RECORDS PROVIDED Start Marker

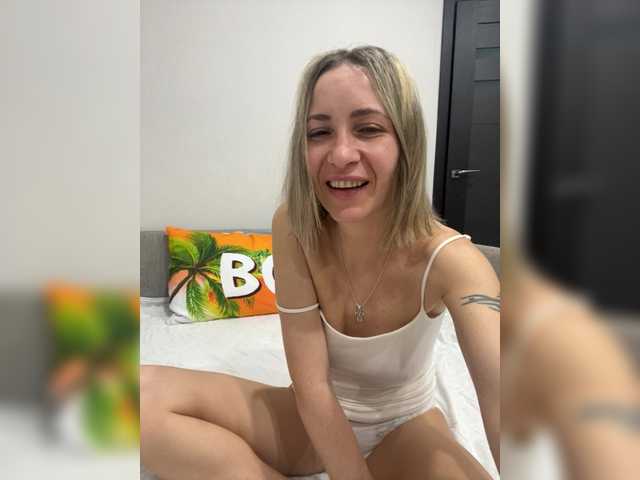 HARIZZMA's BongaCams show and profile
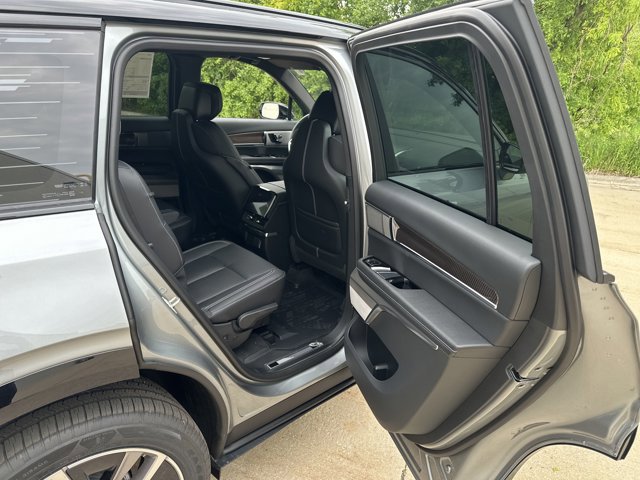 New 2026 Cadillac Vistiq Sport w/ LPO, Floor Liner Package image 28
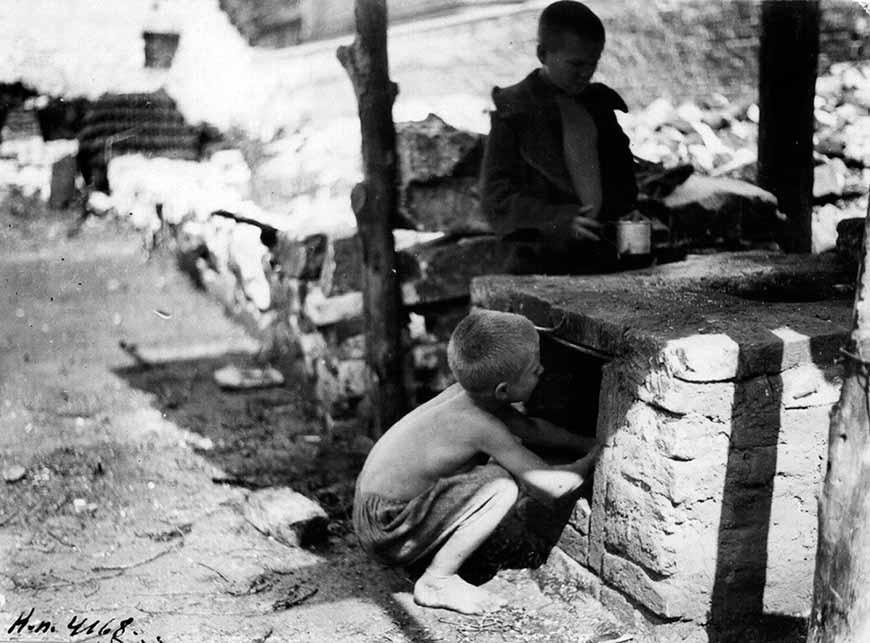 Двое беспризорников на улице у печи (Two homeless boys on the streets at the stove), 1925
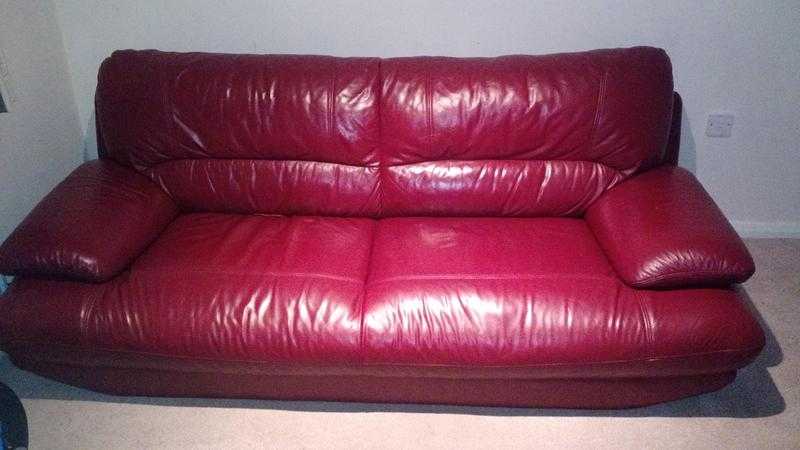 Gorgeous red sofa (2 piece)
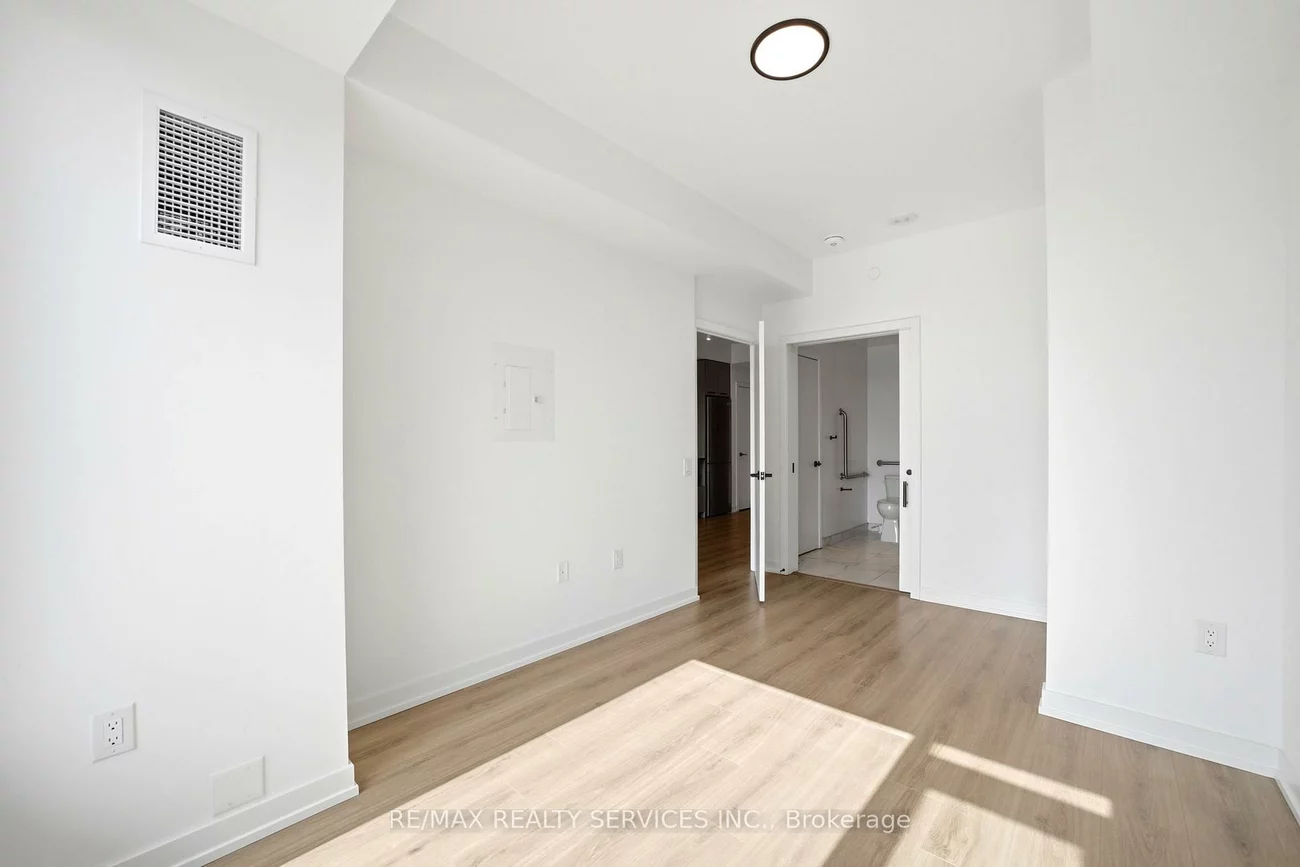 10, Lagerfeld, Northwest Brampton, Brampton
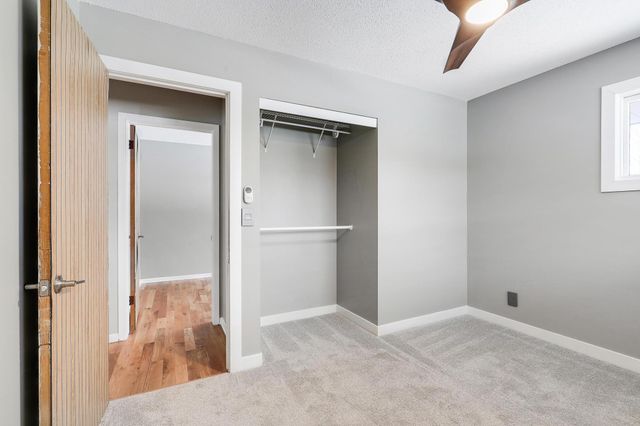 406 Terrace Drive, Roseville, MN 55113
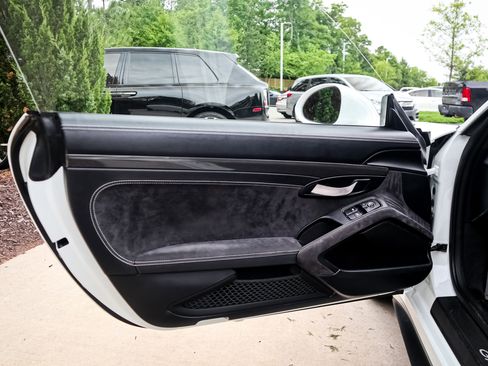 Used 2019 Porsche 911 GT3 RS w/ Weissach Package RWD image 14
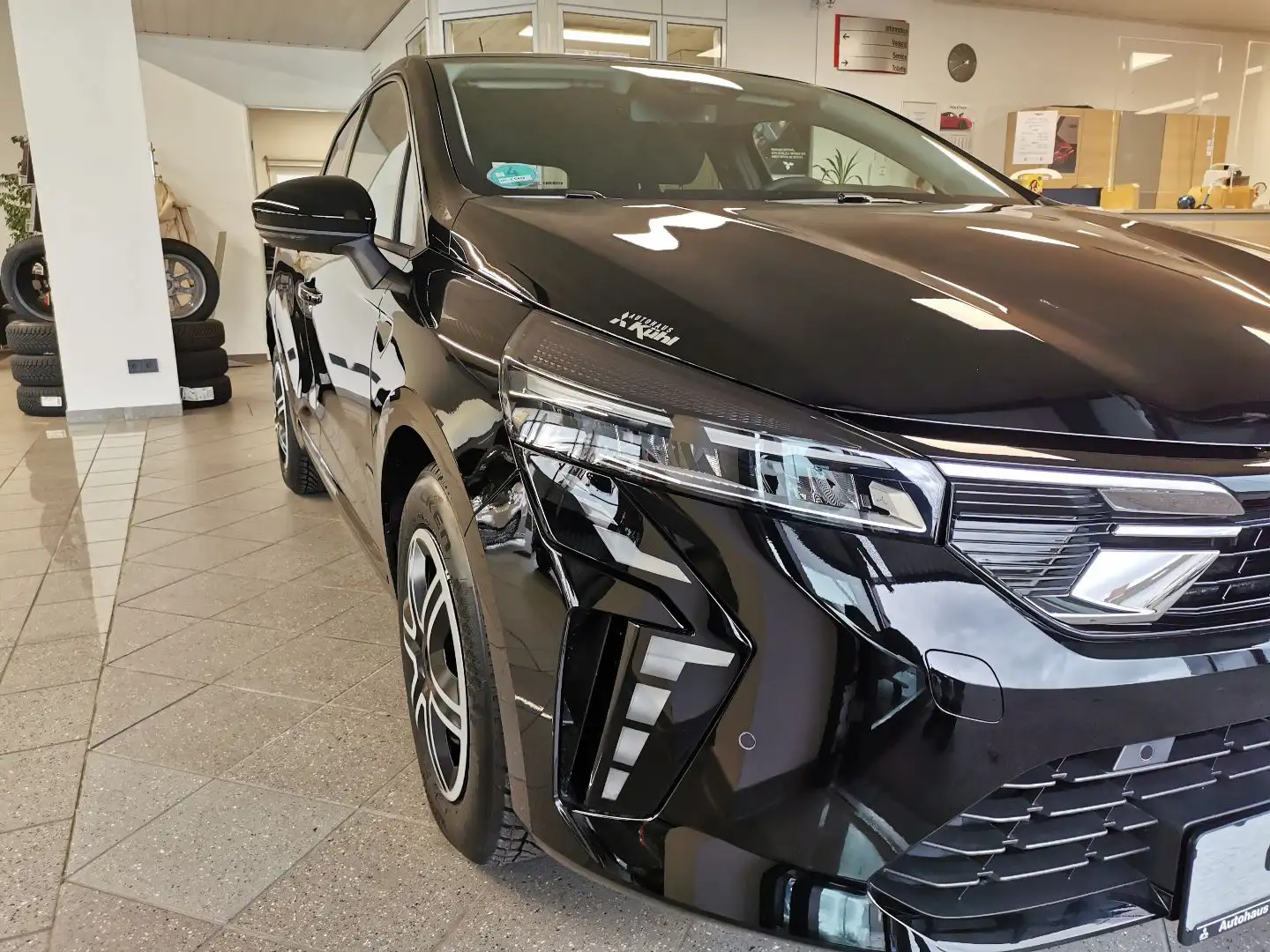 Mitsubishi Colt PLUS 1.6 Hybrid - 5 Jahre Werksgarantie Schwarz - 2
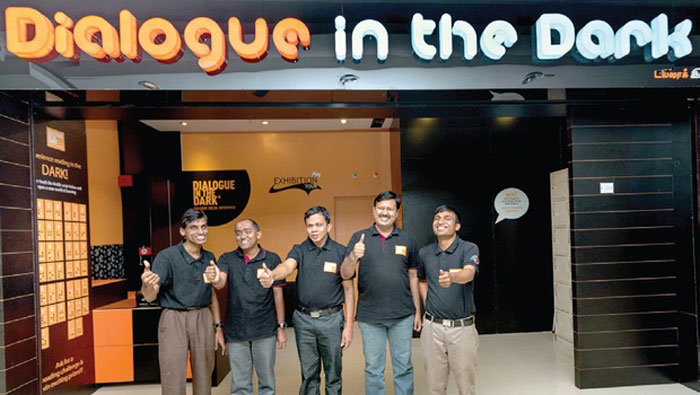 ഇരുട്ടിലെ കാഴ്ചകൾ തേടി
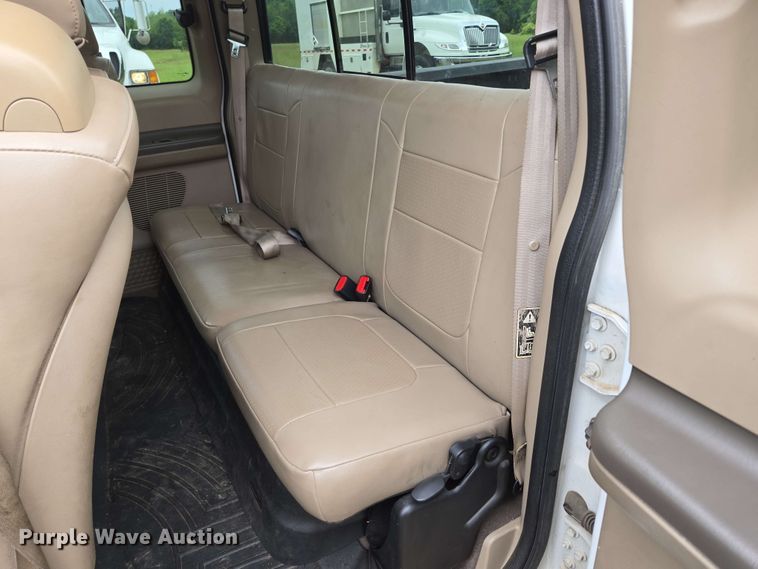 image for item DP6401 2001 Ford F250 Super Duty Lariat  SuperCab pickup truck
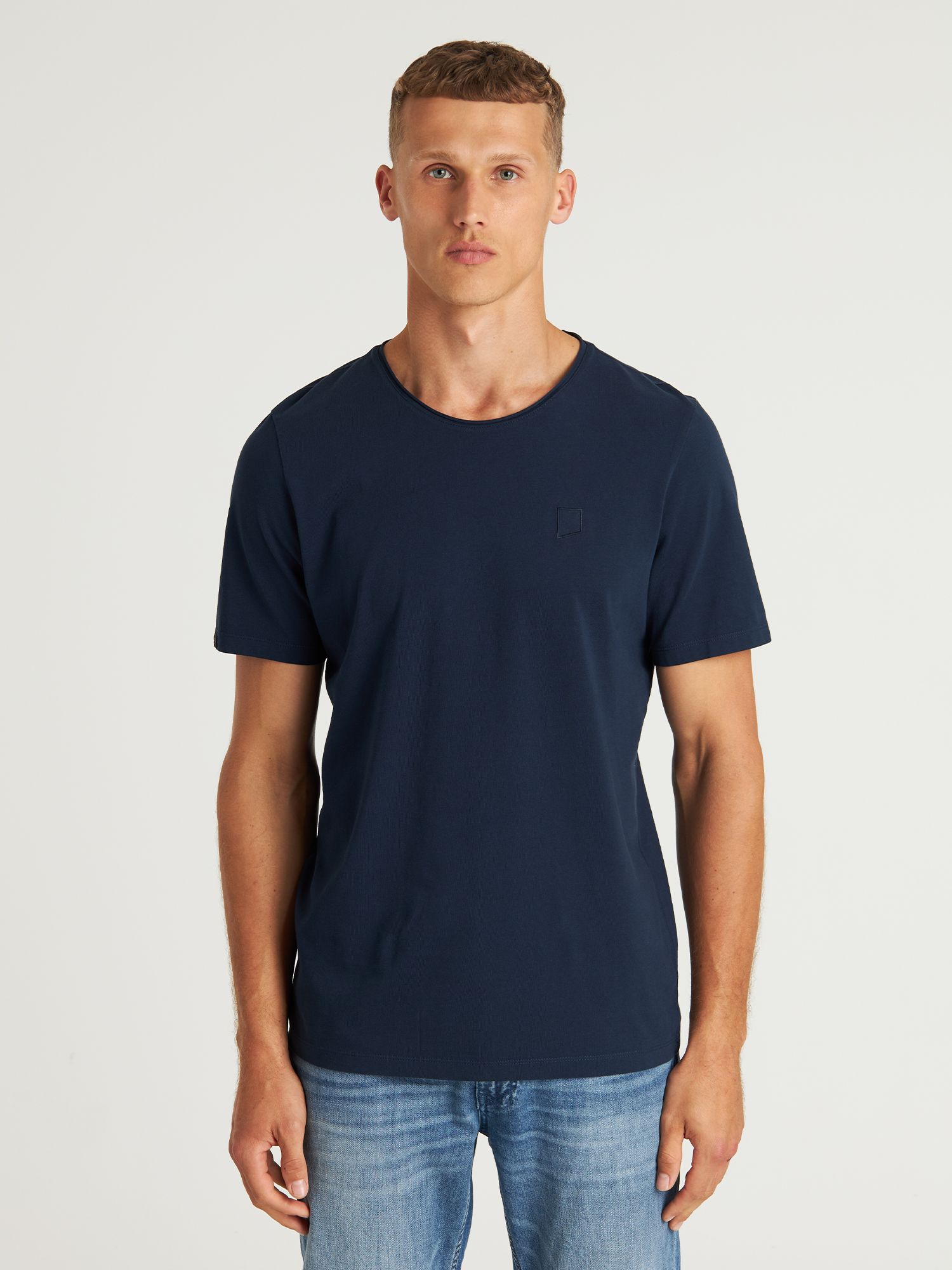 CHASIN' T-Shirts Expand-B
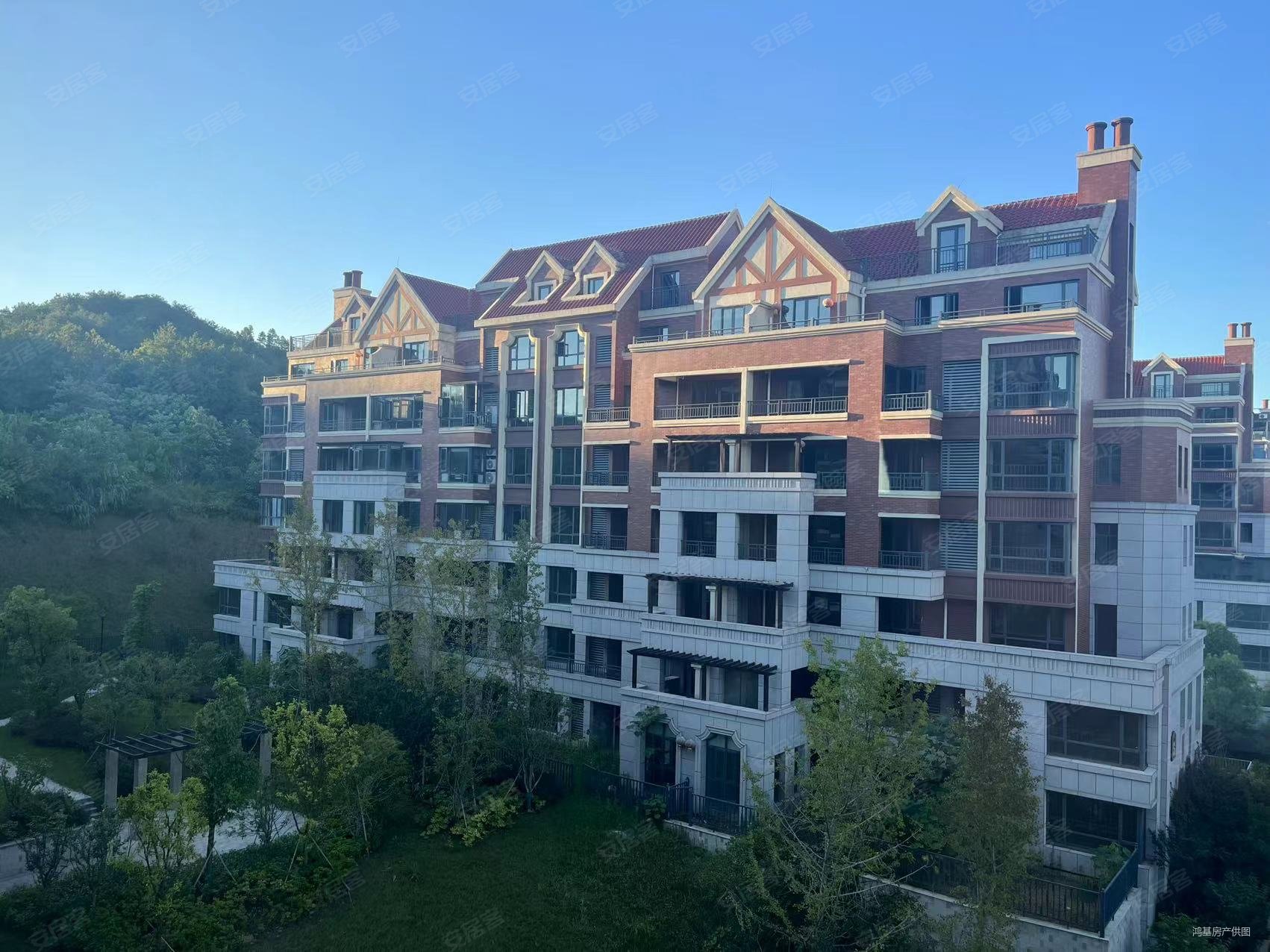 嘉圆悦山居3室2厅2卫128㎡南北116万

RECORDS PROVIDED End Marker

- **EXERCISE GOAL**: In the copy, include all records verbatim but no images.

- **SOLUTION BELOW**:
 HARIZZMA's BongaCams show and profile
 New 2026 Cadillac Vistiq Sport w/ LPO, Floor Liner Package image 28
 Двое беспризорников на улице у печи (Two homeless boys on the streets at the stove), 1925
 Gorgeous red sofa (2 piece)
 10, Lagerfeld, Northwest Brampton, Brampton
 406 Terrace Drive, Roseville, MN 55113
 Used 2019 Porsche 911 GT3 RS w/ Weissach Package RWD image 14
 Mitsubishi Colt PLUS 1.6 Hybrid - 5 Jahre Werksgarantie Schwarz - 2
 ഇരുട്ടിലെ കാഴ്ചകൾ തേടി
 image for item DP6401 2001 Ford F250 Super Duty Lariat  SuperCab pickup truck
 CHASIN' T-Shirts Expand-B
 嘉圆悦山居3室2厅2卫128㎡南北116万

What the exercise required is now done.